Day Three ~ Fort Hall
Martha batted away mosquitoes as she sat in the shade with the girls and several other women and children outside the sturdy structure. Fort Hall. What a relief to find this semblance of civilization so far out in the wilderness. It also meant they’d covered a fair amount of their journey, but when she asked Larry if it would be downhill from here, he wouldn’t answer.
—A Place of Her Own: The Legacy of Oregon Pioneer Martha Poindexter Maupin, Janet Fisher. (Guilford, CT, Helena, MT: TwoDot/Globe Pequot Press, 2014), p. 118.

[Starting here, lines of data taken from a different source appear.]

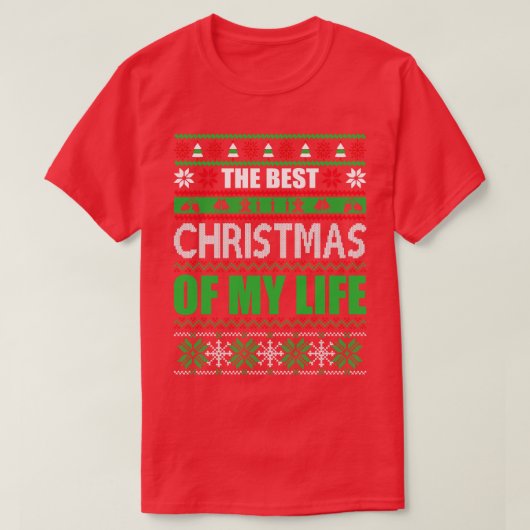 De beste kerst van mijn leven t-shirt (Design voorkant)
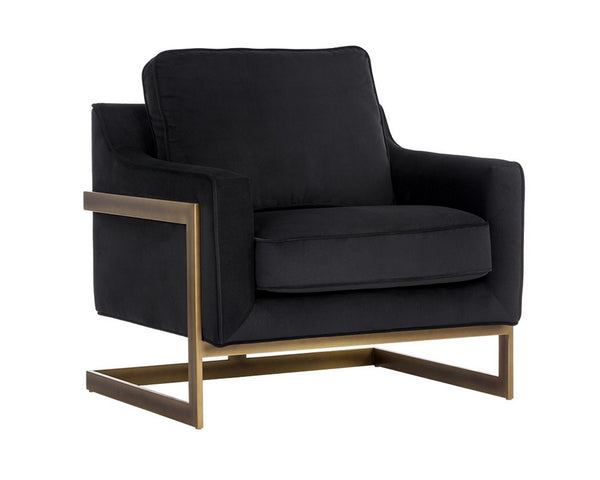 Kalmin Armchair - Abbington Black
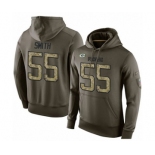 Football Men's Green Bay Packers #55 Za'Darius Smith Green Salute To Service Pullover Hoodie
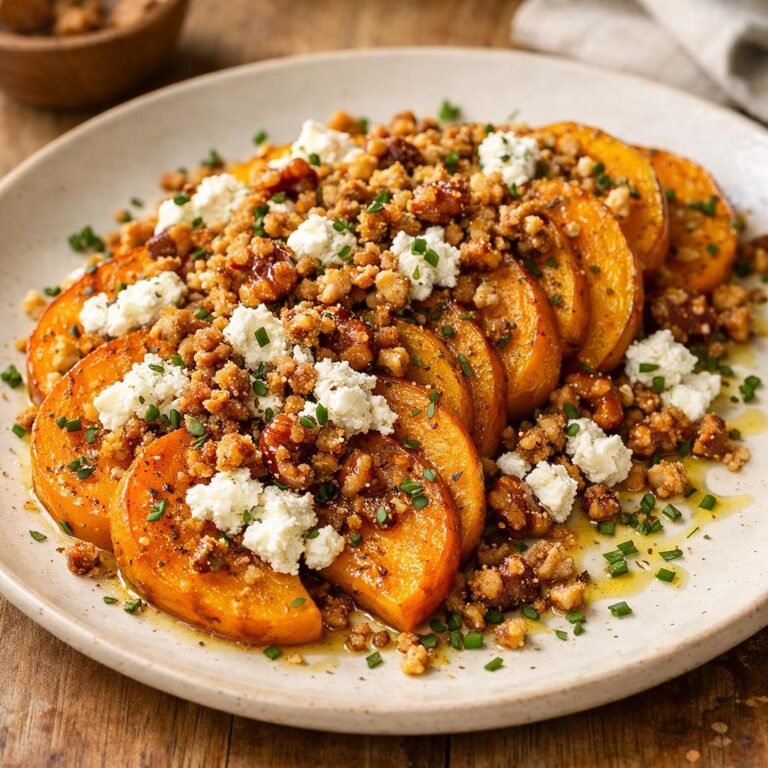 Butternut rôti chèvre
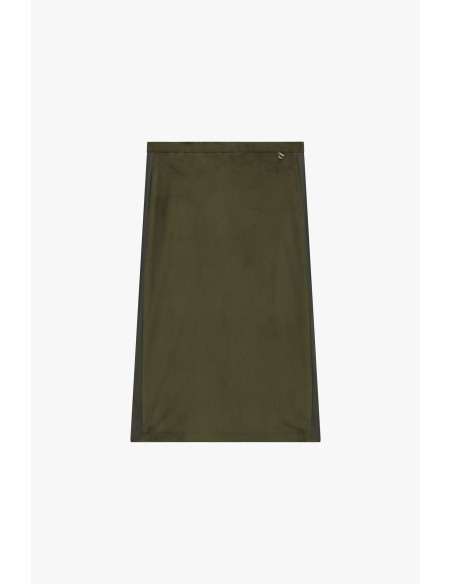 Dixie High-Waisted Straight-Cut Midi Skirt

July 23rd We traveled 18 miles;;, twelve and a half miles brought us to fort Hall. . . . This fort is built of sun burnt brick (adobes), It is a rather shabby looking concern, but in case of an attak from without its inmates would be tolerably well protected It has port holes through the walls for the admission of guns,; This fort is now abandond by the government and is occupied by some traders;;
—The diary of Abigail Jane Scott, in Covered Wagon Women: Diaries and Letters from the Western Trails, 1840-1890. Vol. 5, 1852, The Oregon Trail, Kenneth L. Holmes and David C. Duniway, eds. (Glendale, CA: The Arthur H. Clark Co., 1986), p. 94.
[August] 19 Thursday To day came to Fort Hall on snake River and passed it at one in the P.M. It is made of unburnt bricks and is little larger than a good sized barn. It is not now occupied by the soldiers but is used for a trading station. Some 50 or 100 wagons, markd U.S. in large letters stand there rotting. Encamped about 2 miles from the fort on Pannock creek and had very good feed – Made 14m
—The diary of Cecelia Adams & Parthenia Blank, in Covered Wagon Women: Diaries and Letters from the Western Trails, 1840-1890. Vol. 5, 1852, The Oregon Trail, Kenneth L. Holmes and David C. Duniway, eds. (Glendale, CA: The Arthur H. Clark Co., 1986), p. 284.
28th Thursday . . . We almost suffered with dust & want of water Near night we came to the Port Neuf river which we had to ford it is large & deep we had to raise our wagon beds. Ft Hall trading post is near . . . The men from the post came to see us . . .
29 Friday Our road was through sage brush . . . The mosquitoes were very annoying.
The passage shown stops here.